I have plenty of room, along the north exterior wall of my shop, more than 14 feet of wall. So length isn't a problem. Depth is the problem, my saw bench, built 3 years ago around my Craftsman 10" miter saw, is only 24" deep, so there's absolutely no room for a slider.


I use the miter saw for cross cutting everything to length. Everything from 4X4s for shop table legs to 1X8 or 1x10 oak planks for cabinet face frames. I don't have a good crosscut sled for my table saw, and don't have a lot of room on either side of the blade (~6 ft). I'd love to have a track saw for breaking down sheet goods, but it hasn't become a priority yet.


----------



## MaintenanceMan (Jun 25, 2010)

I bought the Dewalt DW706XPS back last winter and am very happy with it. It's the dual bevel 12" miter saw. I know how most don't really need a dual bevel saw that often but the XPS light is far superior to every laser I've ever used. It's such a simple idea that just works great. It's available as an accessory but the one I purchased came with the XPS on the saw. It's supposedly a tad quieter than the single bevel too, but I haven't exactly had the opportunity to use them side by side..


----------



## Mad (Dec 9, 2017)

GuitarPhotographer said:


> to 1X8 or 1x10 oak planks



Despite having a 12" blade, I'm not sure if a 12" chop saw can slice through a 1x10 in one cut, without building a platform to elevate the plank above the table, higher than where the blade would normally intersect with the table in the full down chop position. The widest part of the blade never makes it down as far as the area of the circle that is actually available for doing the cutting.

This might vary from saw to saw, depending on the geometry of the saw's pivot point relative to the the saw's fence position at the table, so if I were shopping for a non sliding chop saw, I'd probably bring a short slice of plank that is the width and depth (but not the length) of the stock material that is widest and deepest, and lay that short sample on the prospective chop saw tables adjacent to the blade (but not underneath it), and bring the chop head down while looking at the edge nearest you during the downstroke, to see if the diameter of the blade will encompass the entire width of the material as is, without having to build up jigs and auxiliary tables and back fences.

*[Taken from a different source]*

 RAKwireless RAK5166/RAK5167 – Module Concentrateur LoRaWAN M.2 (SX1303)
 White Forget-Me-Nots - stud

Naturally, with a slide or glide, this wouldn't be an issue, but since you are going with a chop, I'd probably want to compare real world material cutting width, in one stroke, with no reverse flips and no table mods, before making a final decision.

I've had a radial saw since the mid 1980s with no accidents knock on wood. I made 6 push sticks the day I got that saw, of all different depths and angles, and keep my hands away from not only the blade, but from the blade path along the entire arm. So far, so good.

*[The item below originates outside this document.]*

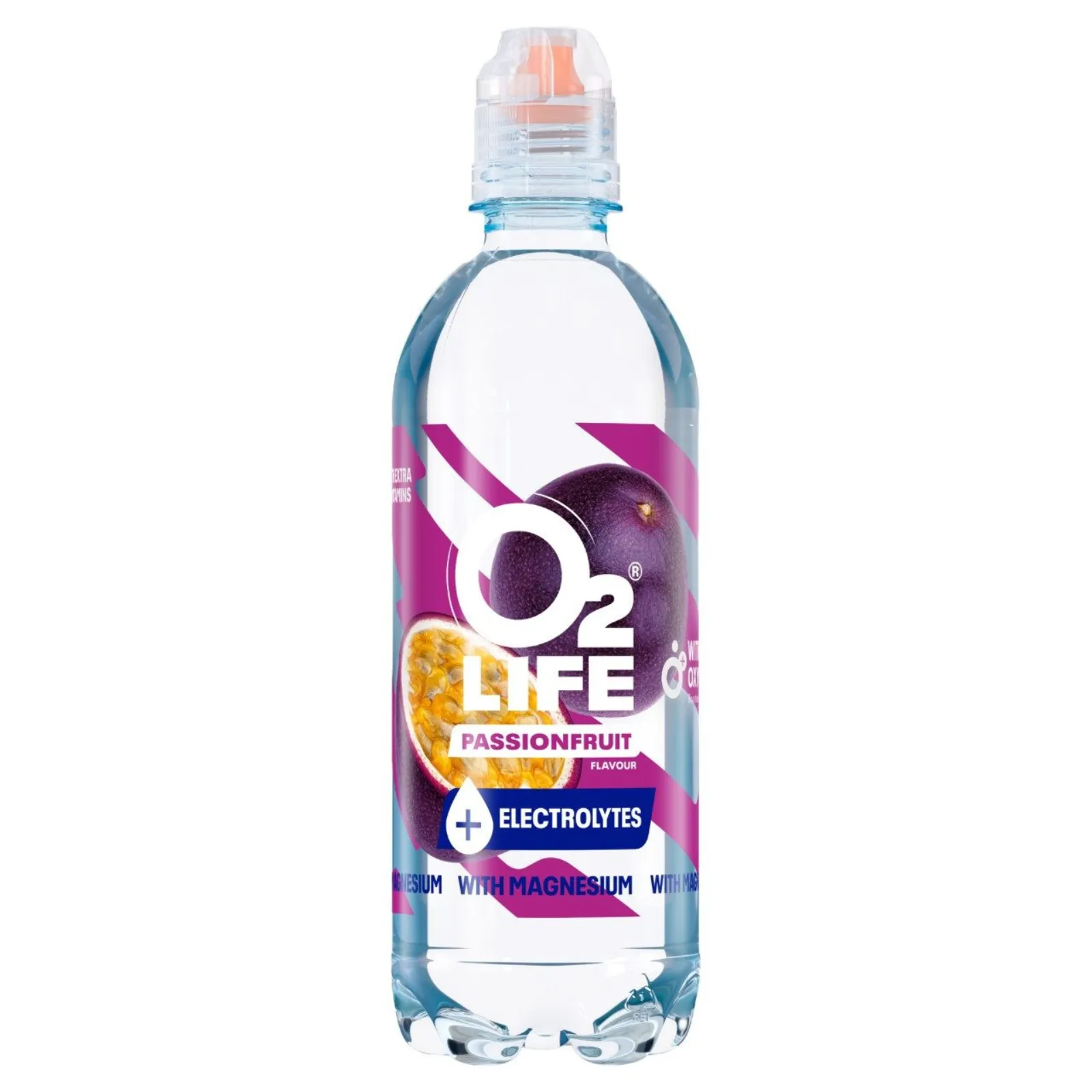 passiefruit fles O2Life staand voorkant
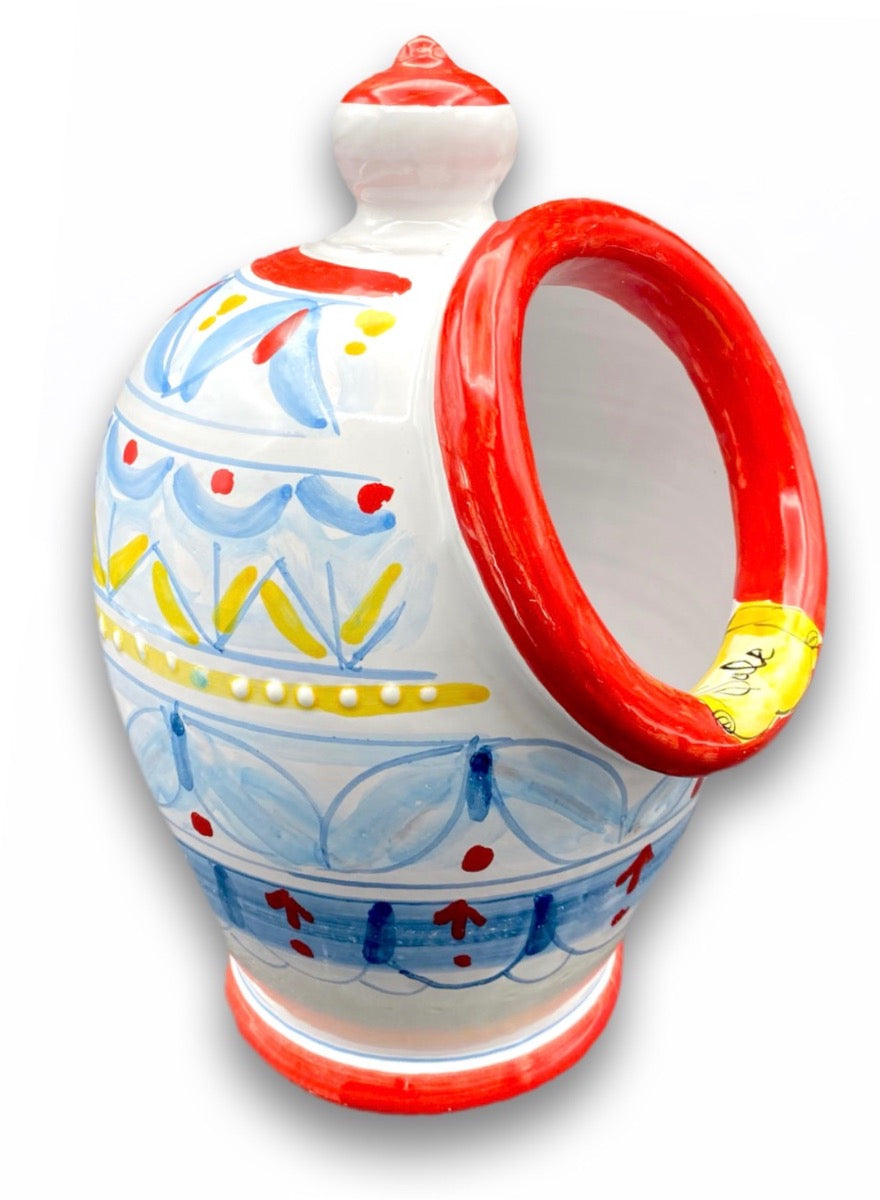 Porta sale a gomito in ceramica di Vietri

I bought the sliding compound miter saw for it's mobility, and selected a 12" to cross cut 4x6 headers easily. The Glide Arm made the most sense as far as the compactness to capacity and capability ratio is concerned, and the saw is used in construction, not fine cabinetry or guitar making.

If seeking the utmost in precision, I would tend to think that a smaller 10" would offer a more naturally stable blade with less potential for deflection. You've already identified and considered the two 10" saws on the market have a zero clearance design that can be positioned flat up against a wall.

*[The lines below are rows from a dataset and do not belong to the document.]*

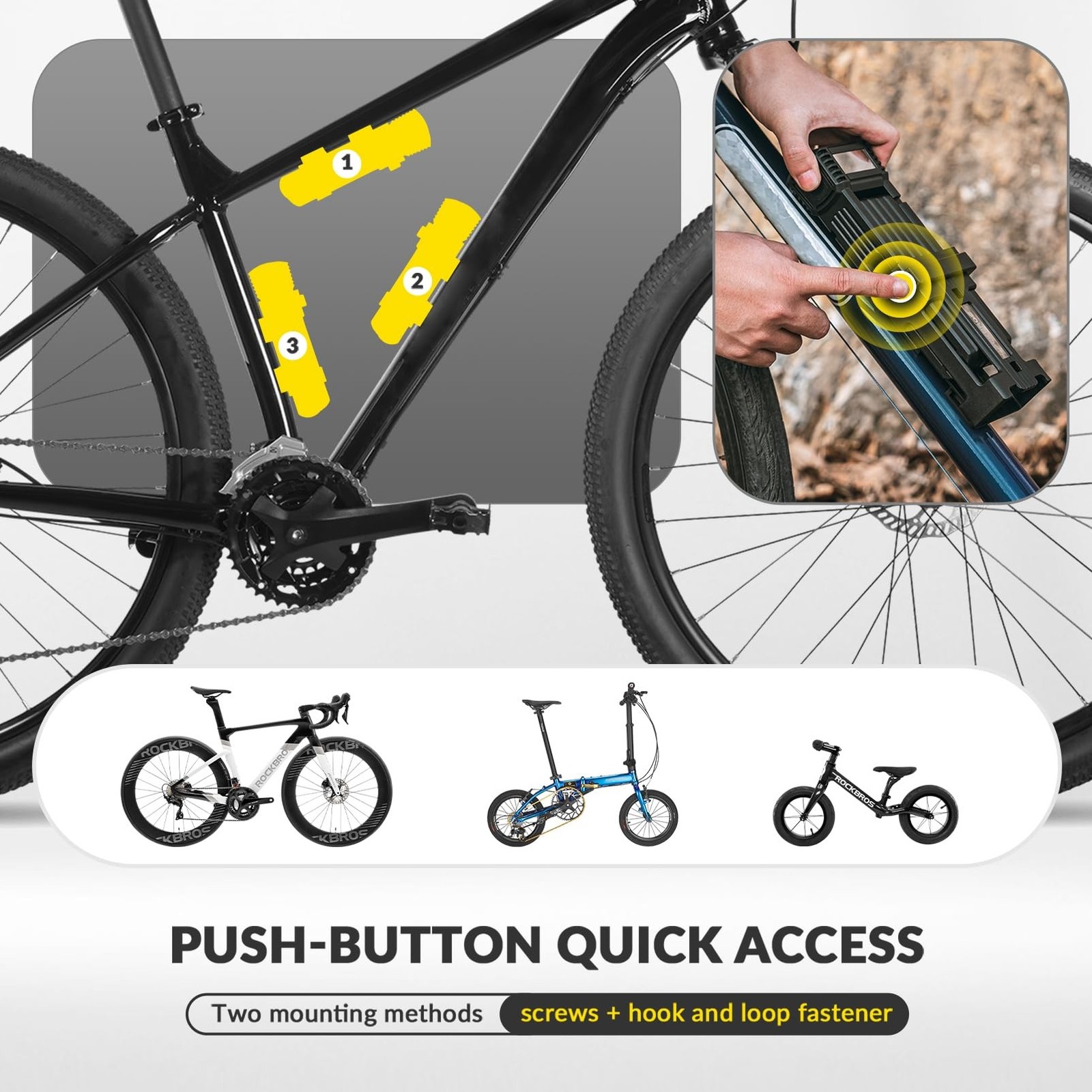 ROCKBROS Folding Bike Lock 3.3 lbs Key Lock Anti-Theft Alloy Steel | Heavy-Du…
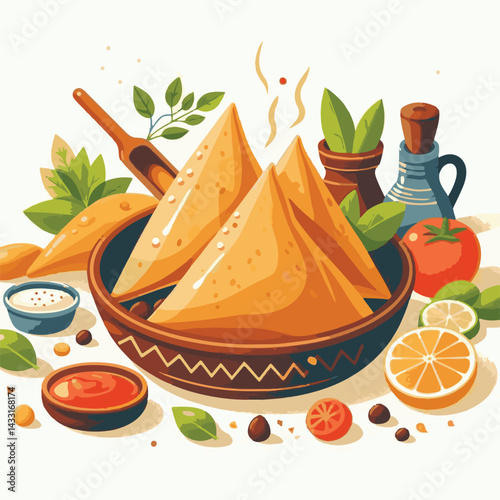 samosa, cuisine, delicious, indian, food, appetizer, fried, dish, traditional, crispy, asian, homemade, dinner, background, fresh, meal, snack, iftar, tasty, vegetable, meat, hot, isolated, ramadan, d
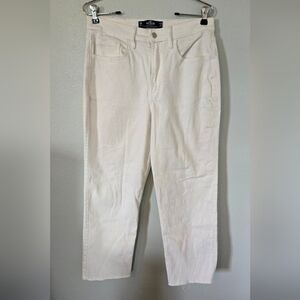 Hollister White Straight Leg Jeans Size 11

But since you want to cross cut 4x4's (how many more table legs to you need?), the 10", of any type or at any price, probably will not be as convenient as a 12", which makes mince meat out of cutting 4x material. I smile every time a slice through a 4x6 in one chop.


----------



## GuitarPhotographer (Jun 26, 2015)

Yes, you are right, I should not expect a 12" saw to cut a 1X10 in one go. But thanks for the "put a board under it" tip. I have never tried or even seen that!


I work mostly with red oak, cedar, hemlock, and doug fir. The oak is available at the local hardwood dealer in widths ranging from 8-10 inches, and generally the first step in a project is to cut the plank to rough length prior to planing. 



Today I was pondering the dust collection issue. The new saw has even worse dust collection capability than the Craftsman. I think a hood behind the saw with a down-draft connection to the dust collector or shop vac is in order.


Thanks for your help and suggestions.


----------



## GuitarPhotographer (Jun 26, 2015)

Well, I finished rebuilding the miter saw table to accommodate the new Dewalt 12" miter saw. It was a job of work partly because when I made it 3 years ago, it was my first ever "shop project." I did a lot of thing the wrong way, and some of those bit me on the butt yesterday and today, but with some work, and more than a little swearing, the saw is now in the miter saw bench and the table fence (6 ft on the infeed side, 3 ft on the outfeed) properly aligned with the saw base.


I think the current dust collection solution is going to be some kind of hood behind the saw connected to the dust collector or shop vac, which ever works best. I'll be prototyping that next week.


Thanks to all for help and encouragement


----------